What’s exciting about DeepFloyd IF is its ability to generate text in images, something no open-source model has been able to do reliably until now.
DeepFloyd IF leverages the T5 model to generate coherent and clear text alongside objects with different properties and spatial relations. This capability has previously been a challenge for most text-to-image models.
There are a few other points to note as well:
Deep text prompt understanding
Utilising the large language model T5-XXL-1.1 as a text encoder, DeepFloyd IF’s generation pipeline incorporates a significant number of text-image cross-attention layers, ensuring better alignment between prompts and generated images.
High degree of photorealism
DeepFloyd IF achieves a remarkable zero-shot FID score of 6.66 on the COCO dataset, a key metric used to evaluate the performance of text-to-image models. The lower the FID score, the better the performance.
Aspect ratio shift
The model can generate images with non-standard aspect ratios, such as vertical, horizontal, or the standard square aspect, allowing for greater flexibility in the types of images produced.

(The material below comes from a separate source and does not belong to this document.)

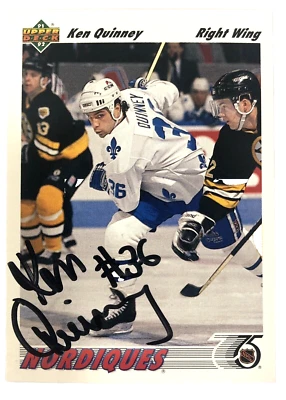 Ken Quinney Signed #36 Hockey Rookie Card #419 1991-92 Upper Deck Autographed NH - Image 1 of 2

Zero-shot image-to-image translations
DeepFloyd IF can modify images by resizing the original image to 64 pixels, adding noise through forward diffusion, and using backward diffusion with a new prompt to denoise the image. In inpainting mode, this process occurs within the local zone of the image.
The style can be further altered through super-resolution modules via a prompt text description, enabling modifications to style, patterns, and details while maintaining the basic form of the source image—all without the need for fine-tuning.
The model is currently available on a non-commercial, research-permissible license.